Developer Michael O'Flynn  blames ‘prescriptive’ planning for impacting housing crisis

Collaboration and cooperation between public and private sector called for by Housing Commission member,  developer Michael O'Flynn
Developer Michael O'Flynn  blames ‘prescriptive’ planning for impacting housing crisis

Michael O'Flynn, Chief Executive, O'Flynn Group 

ONE of the country’s most prominent developers has called for collaboration and cooperation between the private and public sectors to address the deepening housing crisis, while saying planning laws and guidelines have become “more and more prescriptive, that’s giving more and more opportunity to the courts and that’s quite concerning - it’s become an industry all of its own.” 

The comments, made by developer Michael O’Flynn and a member of the Housing Commission at a gathering of IPAV estate agents in Cork prior to this week’s announcement of changes to An Bord Pleanala and the planning process to be drafted into law next year.

The developer said estimates of housing need were grossly underestimated, based on the 2016 Census instead of the latest one with the country’s population set to go to 6.5 or 7 million by 2050.

Thus, the number of dwellings needed by mid century would be 3 to 3.5m, vs the 1.9m occupied dwellings at present, arguing we needed to produce between 42,000 and 62,000 homes of all tenure type a year.

Taking the number of refugees now in Ireland into account, the country was underestimating need by up to 450,000 homes, he stressed: “that is real, the facts are there.” Housing completions were now going in the wrong direction, he said at an IPAV industry gathering calling for action on planning, servicing land which is zoned and tackling costs and levies. “At a time of scarce resources, getting planning for something that can’t be built is of no benefit to anyone,” Mr O’Flynn stated, arguing that a certain level of profit was necessary for private developers to deliver and saying “you can’t build at a loss.”
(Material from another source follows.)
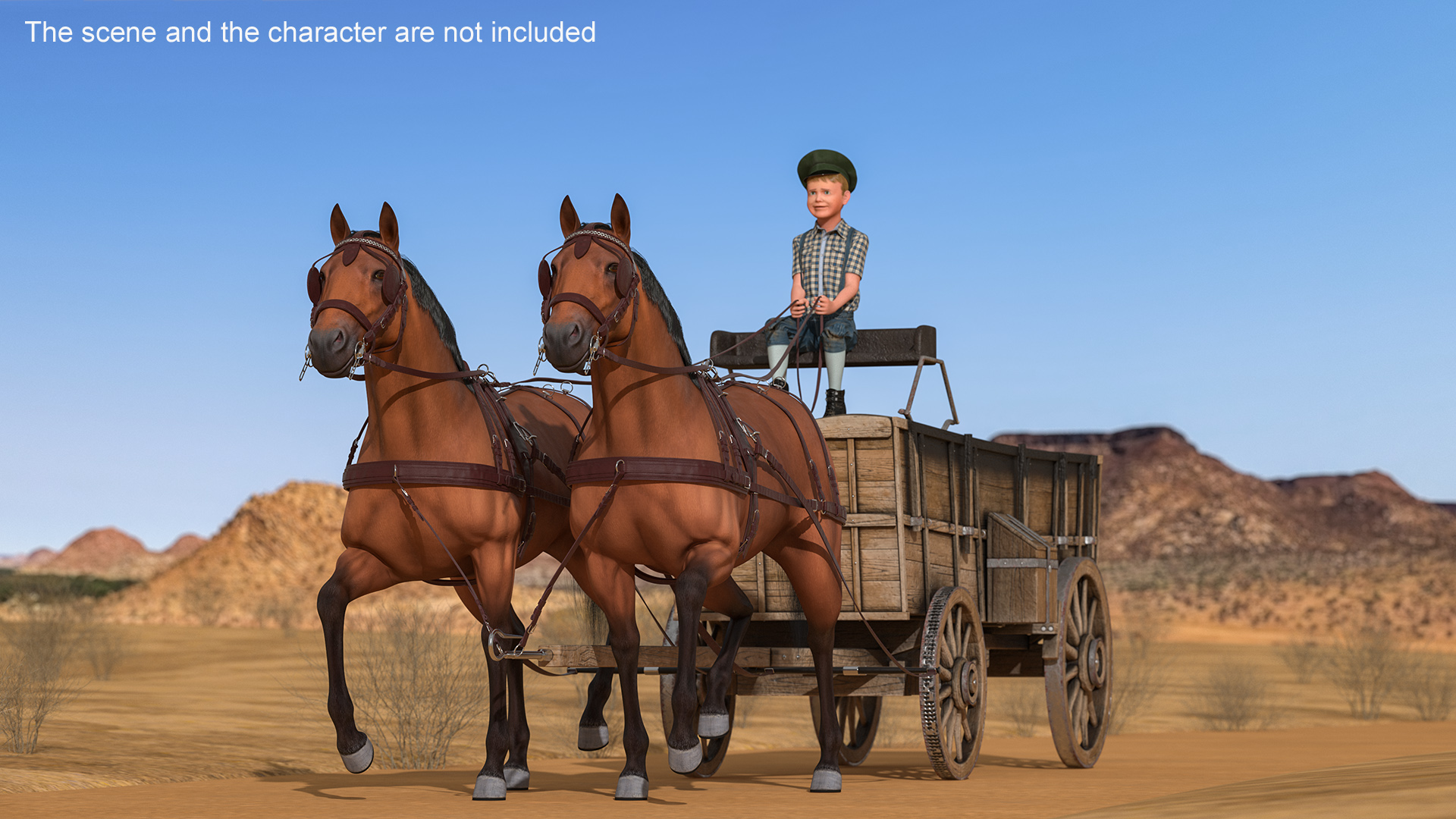 3D Open Wagon with Horses fur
“At this moment in time, we have some of the best developers in the country and planning consultants in the country and they are ending up in the courts every time they do something: there’s something wrong when experts end up in courts all of the time if they know what they are doing. It just means that the legalising of the planning system has gone totally out of hand,” he asserted.

Mr O’Flynn instanced the SHD process introduced several years ago for fast-tracking large scale developments: “that needed tweaking, it didn’t need to be thrown out. It’s really concerning we don’t have enough planners, we have all of the issues around An Bord Pleanala and even to get preplanning meetings at this moment in time, I don’t think people understand the difficulties we have.” Addressing funding for development, the Cork-based developer said international capital was necessary, but warned that investment funds were tiring of their public portrayal in Ireland.
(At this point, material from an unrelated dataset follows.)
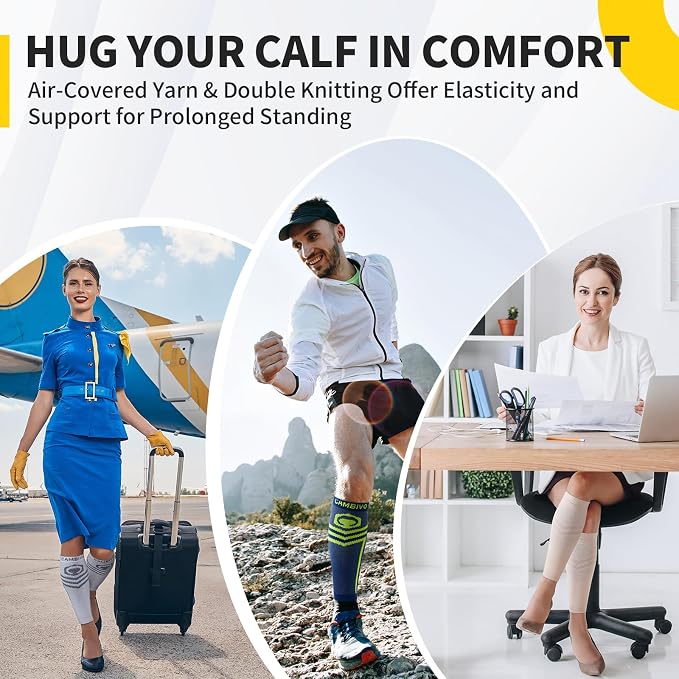 CAMBIVO Calf Compression Sleeve for Men Women Footless | Graduated Compression, Shin Splint Relief, Moisture Wicking, Running Standing Travel, 4D Knit Anti-Slip, Varicose Veins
“Without them we would not have had development in this country for a number of years. The name calling of them and how they are dealt with is quite extraordinary.
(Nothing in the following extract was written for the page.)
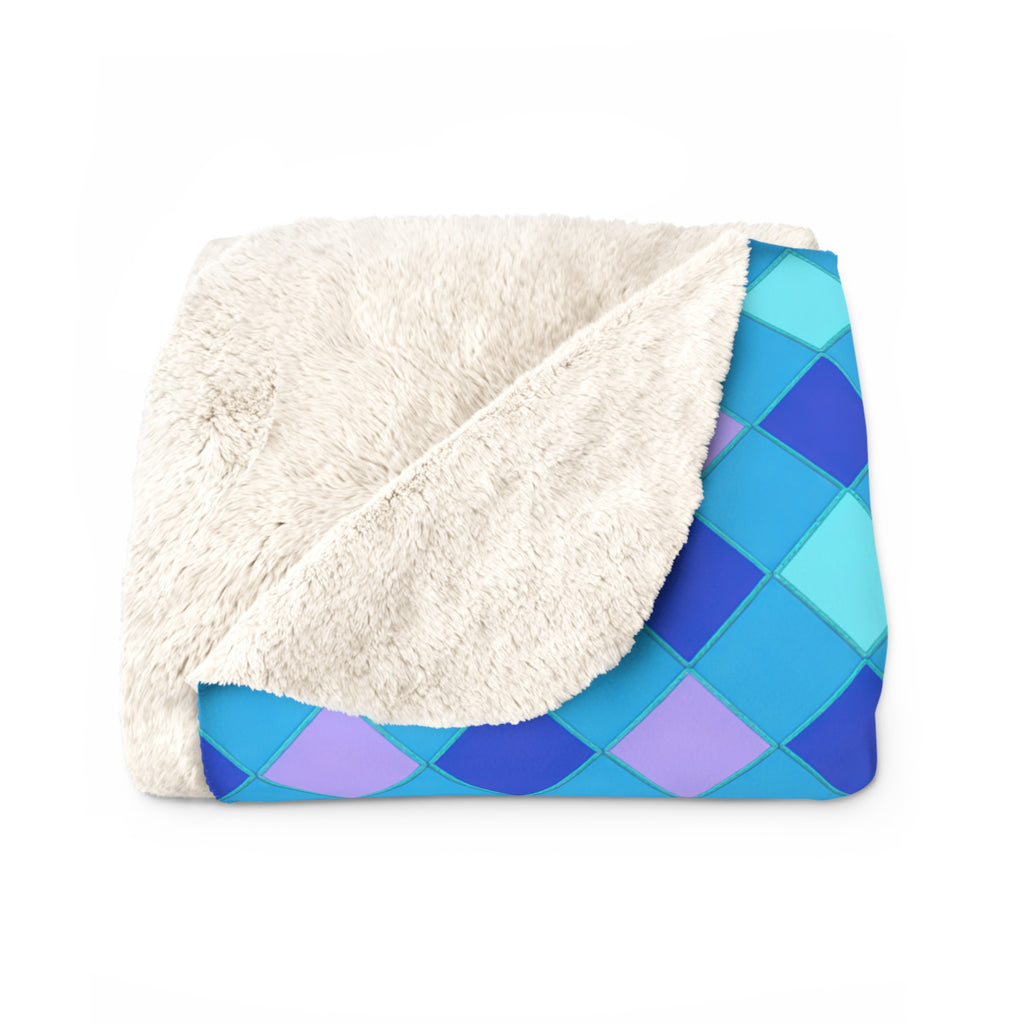 Jewel Harlequin Check Sherpa Fleece Blanket – Ice Jewel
"When you look at FDI for example we roll out the carpet to people coming in with industry. People coming in with money we criticise,” he declared. ”I know some of them really well and they are tired of Ireland and they are tired of Ireland criticising and changing the rules as they call it during the game.”

“They are very serious criticisms because with the financial crisis and all that happened with that, we are dependent on international capital. We need to be respectful of it and we need to work with that capital. If we don’t we are really, really going down a slippery slope as regards the funding of our housing which is so critical for FDI,” Mr O’Flynn continued, saying the FDI situation was only now coming out and highlighting housing as an issue, noting his firm had had had direct experience of jobs going out of Ireland as “they were not convinced of the housing story in Ireland.”

“I chased the guy to know why, really they did not come to Ireland and he said ‘in one word, housing’. They had done their homework and they were absolutely right.”